Urteil vom 4. Oktober 2004
IV. Kammer

Präsident Ferrari, Bundesrichterin Widmer und Bundesrichter Ursprung;
Gerichtsschreiberin Schüpfer

H 273/03
S.________, Beschwerdeführer, vertreten durch Rechtsanwalt Dr. Wolfgang
Zürcher, c/o Wenger Vieli Belser, Dufourstrasse 56, 8034 Zürich,

gegen

Ausgleichskasse des Kantons Bern, Abteilung Beiträge und Zulagen,
Chutzenstrasse 10, 3007 Bern, Beschwerdegegnerin,

und

H 278/03
M.________, 1940, Beschwerdeführer, vertreten durch Fürsprecher Dr. Thomas
Bähler, Kapellenstrasse 14, 3011 Bern,

gegen

Ausgleichskasse des Kantons Bern, Abteilung Beiträge und Zulagen,
Chutzenstrasse 10, 3007 Bern, Beschwerdegegnerin,

Verwaltungsgericht des Kantons Bern, Bern

(Entscheide vom 30. Juli 2003)

Sachverhalt:

A.
S. ________ und M.________ waren ab dem 8. September 1997 Verwaltungsräte der
im Juli 1997 aus der P.________ GmbH hervorgegangenen P.________ AG mit Sitz
in X.________. Neben ihnen amteten E.________ als Verwaltungsratspräsident
und der Hauptaktionär, L.________, als Verwaltungsratsdelegierter. Die Firma
war bei der Ausgleichskasse des Kantons Bern als beitragspflichtige
Arbeitgeberin angeschlossen. Am 15. September 1998 wählte die
Generalversammlung die Verwaltungsräte E.________, S.________ und M.________
ab; am 9. Februar 1999 wurde über die P.________ AG der Konkurs eröffnet und
in der Folge mangels Aktiven wieder eingestellt. Die Ausgleichskasse erliess
am 9. Februar 2000 unter anderem gegen S.________ und M.________
Schadenersatzverfügungen mit welchen sie für entgangene
AHV/IV/EO/ALV-Beiträge inklusive Verzugszinsen den Betrag von je Fr.
120'302.45 verlangte. Die Betroffenen erhoben Einspruch.

B.
Die Ausgleichskasse reichte Klagen auf Zahlung von Schadenersatz im verfügten
Umfang ein, welche das Verwaltungsgericht des Kantons Bern mit Entscheiden
vom 30. Juli 2003 guthiess.

C.
S.________ und M.________ lassen je Verwaltungsgerichtsbeschwerde führen mit
den Anträgen, der vorinstanzliche Entscheid sei abzuweisen und die Verfügung
vom 9. Februar 2000 aufzuheben (S.________ und M.________), eventuell sei die
Schadenersatzsumme auf die Arbeitnehmerbeiträge für AHV/IV/EO ohne Mahnkosten
und Verzugszinsen zu reduzieren und davon ein Betrag nach den Grundsätzen der
differenzierten Solidarität zu ermitteln (S.________).

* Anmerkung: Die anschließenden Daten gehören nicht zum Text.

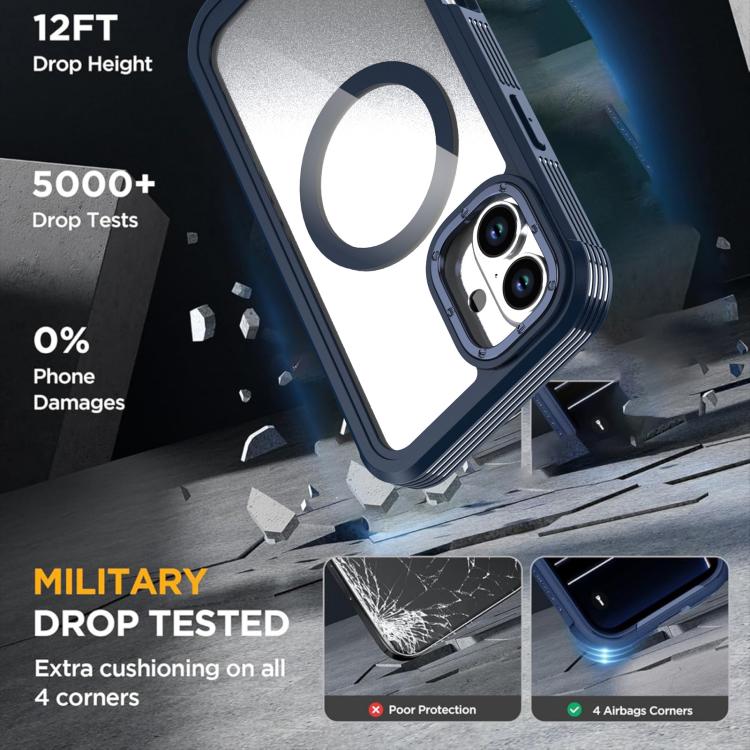 For iPhone 16 Plus Acrylic Full Coverage Magnetic Phone Case with Back Clip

Die Ausgleichskasse schliesst auf Abweisung der
Verwaltungsgerichtsbeschwerden, während das Bundesamt für Sozialversicherung
auf Vernehmlassung verzichtet.

D.
Sowohl S.________ als auch M.________ wurden als Mitinteressierte beigeladen.
Während S.________ ohne konkreten Verfahrensantrag Stellung bezieht, lässt
M.________ sinngemäss auf Gutheissung der Verwaltungsgerichtsbeschwerde
schliessen.

Das Eidg. Versicherungsgericht zieht in Erwägung:

1.
1.1 Da den beiden Verwaltungsgerichtsbeschwerden derselbe Sachverhalt zu
Grunde liegt, sich die gleichen Rechtsfragen stellen und die Rechtsmittel den
nämlichen vorinstanzlichen Entscheid betreffen, rechtfertigt es sich, die
beiden Verfahren zu vereinigen und in einem einzigen Urteil zu erledigen (BGE
128 V 126 Erw. 1 mit Hinweisen; vgl. auch BGE 128 V 194 Erw. 1).

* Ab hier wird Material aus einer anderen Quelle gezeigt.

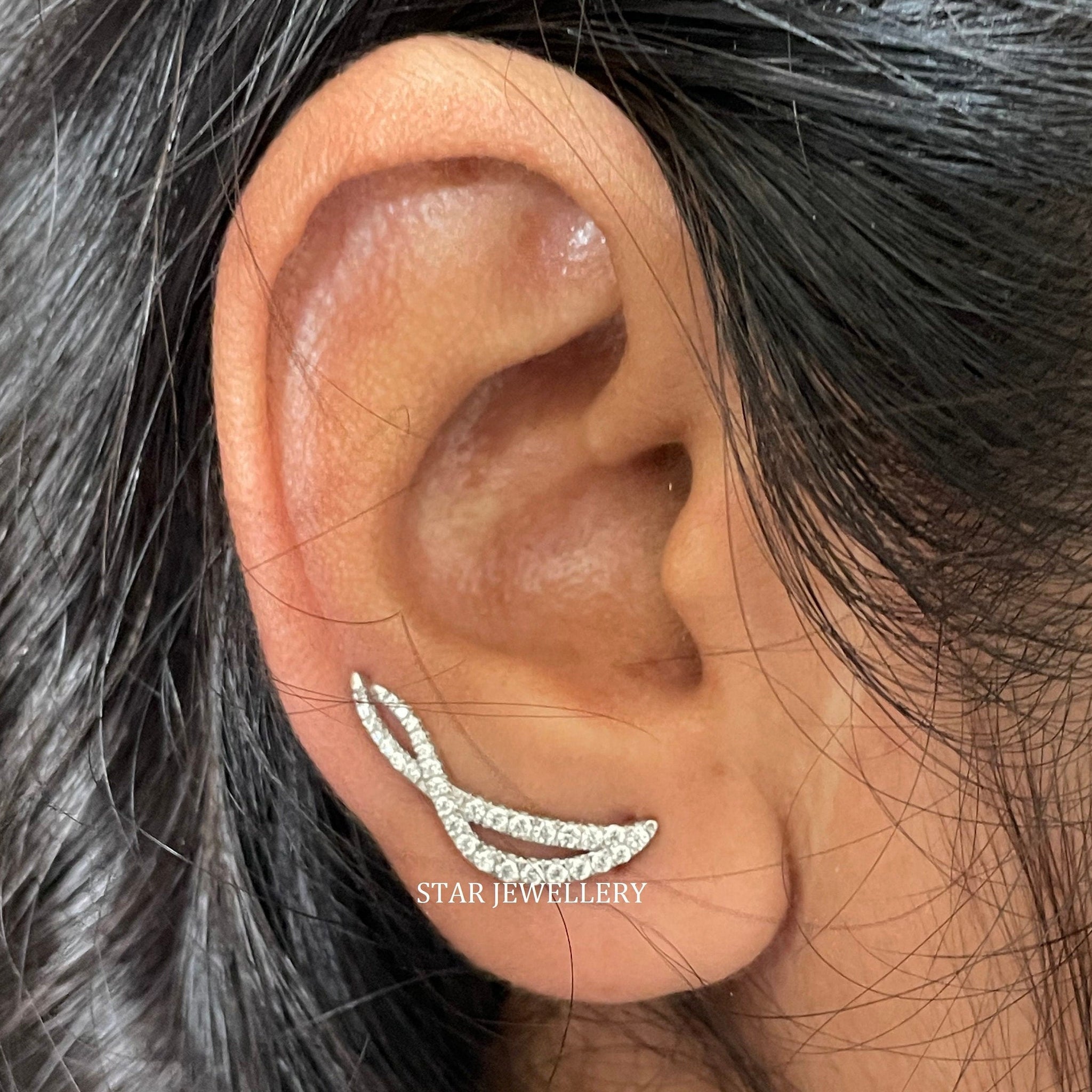 Natural Diamond 14K Solid Gold Twist Shape Ear Climber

1.2 Auf die Verwaltungsgerichtsbeschwerden kann nur soweit eingetreten
werden, als die Schadenersatzforderung kraft Bundesrechts streitig ist. Im
vorliegenden Verfahren ist deshalb auf die Verwaltungsgerichtsbeschwerden in
dem Umfang nicht einzutreten, als sie sich gegen die Schadenersatzforderung
für entgangene Beiträge an die kantonale Familienausgleichskasse richten
(vgl. BGE 124 V 146 Erw. 1 mit Hinweis).

2.
2.1 Da es sich bei den angefochtenen Verfügungen nicht um die Bewilligung oder
Verweigerung von Versicherungsleistungen handelt, hat das Eidgenössische
Versicherungsgericht nur zu prüfen, ob das vorinstanzliche Gericht
Bundesrecht verletzt hat, einschliesslich Überschreitung oder Missbrauch des
Ermessens, oder ob der rechtserhebliche Sachverhalt offensichtlich unrichtig,
unvollständig oder unter Verletzung wesentlicher Verfahrensbestimmungen
festgestellt worden ist (Art. 132 in Verbindung mit Art. 104 lit. a und b
sowie Art. 105 Abs. 2 OG).

2.2 Im Rahmen von Art. 105 Abs. 2 OG ist die Möglichkeit, im Verfahren vor
dem Eidgenössischen Versicherungsgericht neue tatsächliche Behauptungen
aufzustellen oder neue Beweismittel geltend zu machen, weitgehend
eingeschränkt. Nach der Rechtsprechung sind nur jene neuen Beweismittel
zulässig, welche die Vorinstanz von Amtes wegen hätte erheben müssen und
deren Nichterheben eine Verletzung wesentlicher Verfahrensvorschriften
darstellt (BGE 121 II 99 Erw. 1c, 120 V 485 Erw. 1b, je mit Hinweisen).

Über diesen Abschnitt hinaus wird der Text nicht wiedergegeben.